COVID news: Omicron subvariant becoming dominant in Ontario


A new subvariant of Omicron is expected to become the dominant strain of COVID-19 in Ontario, health officials say.


According to the latest epidemiology summary by Public Health Ontario (PHO), the BA.5 subvariant has “the fastest comparative growth rate of any lineage in Ontario.”


The proportion of BA.5 in sampled positive cases grew from 3.1 per cent to 6.7 per cent between the last week of May and the first week of June, officials found. The weekly growth rate is also 3.22 times that of the BA.2 subvariant over the past 12 weeks.


“Based on that European data, and other data as well as that, it seems to be more transmissible than the BA.2 variant,” Dr. Samir Patel, chief of microbiology and laboratory science with PHO, told CTV News Toronto on Monday.


By the end of the month, Patel is projecting that just over 50 per cent of all COVID-19 cases in the province will be the BA.5 subvariant.


“This is consistent with what we’re seeing internationally as well,” he added.


The BA.5 subvariant of Omicron has been fueling a rise in cases in the United States as well as multiple European countries. Last week Chief Public Health Officer of Canada Dr. Theresa Tam noted that BA.5 made up about 6.5 per cent of COVID-19 cases in Canada.


Patel says that health officials don’t have enough information to say whether the BA.5 subvariant is more severe than the others, but they are “keeping an eye on it.”


“It is more transmissible so we are seeing BA.5 infection in individuals who have had their full dose of vaccination … but we’re also not seeing severe disease as well,” Patel said. “We do need more data to be able to conclusively say that, yes, you know, people who are vaccinated, they may get infected, but the hospitalization rate or the severity is going to be low.”


Patel added that officials still recommend getting vaccinated against the novel coronavirus as it will likely provide some protection against hospitalization, regardless of the subvariant. This was echoed in new data provided by researchers at Beth Israel Deaconess Medical Center, who found that the new subvariants are more likely to evade antibodies.


“These data show that the BA.2.12.1, BA.4, and BA.5 subvariants substantially escape neutralizing antibodies induced by both vaccination and infection,” the researchers wrote in the New England Journal of Medicine.


According to PHO data as of June 17, just over 18 per cent of patients hospitalized with at least two doses of COVID-19 vaccine were related to the BA.5 subvariant. Patel argues that this statistic is not concerning as the more a variant spreads, the more likely it is to naturally infect a higher number of people, regardless of vaccination status.

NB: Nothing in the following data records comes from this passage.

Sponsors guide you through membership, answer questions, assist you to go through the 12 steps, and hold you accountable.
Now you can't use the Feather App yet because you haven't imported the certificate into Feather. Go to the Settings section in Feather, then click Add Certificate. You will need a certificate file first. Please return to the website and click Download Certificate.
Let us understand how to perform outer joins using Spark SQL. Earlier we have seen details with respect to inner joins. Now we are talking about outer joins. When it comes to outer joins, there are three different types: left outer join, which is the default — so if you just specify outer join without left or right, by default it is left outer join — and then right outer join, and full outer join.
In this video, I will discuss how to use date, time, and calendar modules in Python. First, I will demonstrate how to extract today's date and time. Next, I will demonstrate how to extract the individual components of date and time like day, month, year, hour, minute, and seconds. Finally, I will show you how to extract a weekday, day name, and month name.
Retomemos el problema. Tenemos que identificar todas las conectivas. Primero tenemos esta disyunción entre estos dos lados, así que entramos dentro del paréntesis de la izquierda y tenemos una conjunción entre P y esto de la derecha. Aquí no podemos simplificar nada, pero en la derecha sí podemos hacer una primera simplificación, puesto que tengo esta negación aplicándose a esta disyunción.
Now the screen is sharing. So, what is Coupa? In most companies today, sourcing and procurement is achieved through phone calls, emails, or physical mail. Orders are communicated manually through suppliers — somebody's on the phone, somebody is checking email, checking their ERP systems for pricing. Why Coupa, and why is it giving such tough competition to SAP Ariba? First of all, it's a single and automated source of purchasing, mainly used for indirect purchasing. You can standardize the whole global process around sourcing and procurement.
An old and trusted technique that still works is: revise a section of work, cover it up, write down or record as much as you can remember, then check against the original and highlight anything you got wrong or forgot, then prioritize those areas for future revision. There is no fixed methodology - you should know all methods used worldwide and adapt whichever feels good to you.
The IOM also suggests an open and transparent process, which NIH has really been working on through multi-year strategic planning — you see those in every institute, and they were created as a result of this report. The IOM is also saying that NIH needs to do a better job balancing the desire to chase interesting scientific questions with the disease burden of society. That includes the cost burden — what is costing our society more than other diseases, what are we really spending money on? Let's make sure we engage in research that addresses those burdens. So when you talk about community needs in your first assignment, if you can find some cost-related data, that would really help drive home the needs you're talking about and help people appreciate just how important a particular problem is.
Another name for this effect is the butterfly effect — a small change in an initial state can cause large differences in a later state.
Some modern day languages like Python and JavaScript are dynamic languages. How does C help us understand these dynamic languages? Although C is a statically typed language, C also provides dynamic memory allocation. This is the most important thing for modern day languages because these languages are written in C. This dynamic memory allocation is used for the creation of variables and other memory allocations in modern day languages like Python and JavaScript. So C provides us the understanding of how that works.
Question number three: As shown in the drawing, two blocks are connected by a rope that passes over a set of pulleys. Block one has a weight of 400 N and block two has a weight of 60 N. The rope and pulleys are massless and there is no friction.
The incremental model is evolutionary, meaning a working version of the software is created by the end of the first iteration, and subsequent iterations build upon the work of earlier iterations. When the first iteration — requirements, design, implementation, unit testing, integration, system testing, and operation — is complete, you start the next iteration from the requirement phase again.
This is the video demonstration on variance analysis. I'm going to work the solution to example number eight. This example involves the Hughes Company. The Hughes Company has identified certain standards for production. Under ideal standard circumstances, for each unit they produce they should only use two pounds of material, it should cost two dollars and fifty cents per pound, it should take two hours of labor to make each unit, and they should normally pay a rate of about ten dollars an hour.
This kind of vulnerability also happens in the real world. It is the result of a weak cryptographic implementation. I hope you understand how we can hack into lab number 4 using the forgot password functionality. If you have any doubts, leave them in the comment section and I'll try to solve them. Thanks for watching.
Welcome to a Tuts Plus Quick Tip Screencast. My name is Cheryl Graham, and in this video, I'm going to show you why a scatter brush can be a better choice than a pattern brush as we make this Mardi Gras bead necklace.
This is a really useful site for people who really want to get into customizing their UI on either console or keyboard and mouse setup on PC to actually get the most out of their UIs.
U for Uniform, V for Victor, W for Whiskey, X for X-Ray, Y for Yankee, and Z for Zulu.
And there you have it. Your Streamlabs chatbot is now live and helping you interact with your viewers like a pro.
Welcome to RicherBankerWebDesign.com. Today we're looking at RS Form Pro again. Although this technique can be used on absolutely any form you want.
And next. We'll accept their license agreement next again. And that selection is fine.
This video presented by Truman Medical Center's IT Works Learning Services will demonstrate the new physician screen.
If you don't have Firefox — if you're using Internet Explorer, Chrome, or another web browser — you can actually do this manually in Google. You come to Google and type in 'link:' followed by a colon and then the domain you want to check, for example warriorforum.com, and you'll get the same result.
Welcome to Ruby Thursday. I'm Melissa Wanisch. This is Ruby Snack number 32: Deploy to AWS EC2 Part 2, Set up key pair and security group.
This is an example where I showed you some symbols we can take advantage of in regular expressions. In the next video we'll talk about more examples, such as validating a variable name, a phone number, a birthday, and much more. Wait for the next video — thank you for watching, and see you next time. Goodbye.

“We need to all get vaccinated,” he said. “If you’re eligible for the third booster, you should get vaccinated… (if) you’re eligible for fourth booster you should get vaccinated as well.”


It’s yet unclear how the emergence of a new dominant strain will impact the overall COVID-19 case count in Ontario or the province’s health-care system, but according to data provided by the Science Advisory Table, it appears as though the concentration of novel coronavirus in wastewater is starting to slowly increase.


Most regions, with the exception of public health units in the southwest, are seeing an upwards tick in COVID-19 concentration in wastewater signals.


Just one month ago, public health officials noted an increase in BA.2.20 subvariants in Ontario.